I’m the point-man for Mom’s phone issues because her line is on my account, and everybody in the family knows it. So if Mom’s unreachable for some reason, I get screamed at. Mom has occasionally had real phone troubles, but nothing major since she quit answering it with wet hands while washing dishes or cooking. She went through 3 phones in the 3 years before she went to live at MCR, where she is not allowed to do dishes or cook. Since taking up residence there, her phone problems have had to do with her accidentally turning down the volume, or otherwise touching a wrong key.
Normally, I would text my/my sister’s hubby, Gary, to drive the mile to the care center to see Mom and solve her phone issue, but that’s not currently a possibility, thanks to the COVID-19 lockdown. After calling Mom’s phone for the zillionth time, I figured she had most likely accidentally turned it off. I texted MCR and requested they check out Mom’s cell phone to make sure it was turned on. Someone at MCR solved the problem by simply turning Mom’s phone back on. Sure enough, Mom had somehow used one of her many superpowers to turn it off, but she apparently has lost the superpower that turns it back on. When you are approaching 90, you naturally lose a superpower here and there. And that’s ok. MCR can help you fix it.
BTW Mom is doing dandily. She did ask me to send her some spiced jelly beans though. I’ve been saving them to give her when I see her again, but I think I better mail them ASAP.

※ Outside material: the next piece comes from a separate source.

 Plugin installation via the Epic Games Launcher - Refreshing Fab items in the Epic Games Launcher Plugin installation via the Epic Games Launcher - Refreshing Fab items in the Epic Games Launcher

Usually, if I wear a Bow Tie o’ the Day, something remarkable eventually happens. At the very least, I eventually think remarkable things, which I then try to hone into a chuckle-worthy tblog post. But today, I have bow-tied up to the keyboard a dozen times, and I’ve percolated a total of less than zero ideas. I’ve got nuthin’. I believe it’s in everyone’s best interest—especially my own—that I call a “soft closure” on the story/joke/myth section of my brain until tomorrow.

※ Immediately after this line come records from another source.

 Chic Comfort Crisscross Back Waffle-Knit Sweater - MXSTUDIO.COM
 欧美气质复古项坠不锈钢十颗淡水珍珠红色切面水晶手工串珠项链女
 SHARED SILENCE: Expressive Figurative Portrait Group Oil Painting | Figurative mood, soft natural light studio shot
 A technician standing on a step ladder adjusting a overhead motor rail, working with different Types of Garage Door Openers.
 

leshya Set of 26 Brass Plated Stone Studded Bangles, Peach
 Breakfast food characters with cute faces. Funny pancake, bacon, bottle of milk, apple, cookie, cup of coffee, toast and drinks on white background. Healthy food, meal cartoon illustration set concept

The patriotic Ties/Bow Ties o’ the Day got together this afternoon to give a good ol’ salute to those on the front lines of healthcare, law enforcement, and our food supply—and to other essential workers. A specific shout-out to educators and students who are doing their best to figure out how to do something that hasn’t been done before. Kudos to the technology that allows the nation to keep teaching and learning, without school buildings being open to students. Appreciation, as well, to the rest of us who are doing our best to find toilet paper and follow the sometimes-confusing, recommended guidelines for defeating this pandemic. It is my firm opinion that as masked, social-distancing, trying-to-stay-at-home ‘Mericans, we are all essential workers. As always, if your actions are for the benefit of your fellow beings, you can’t go wrong.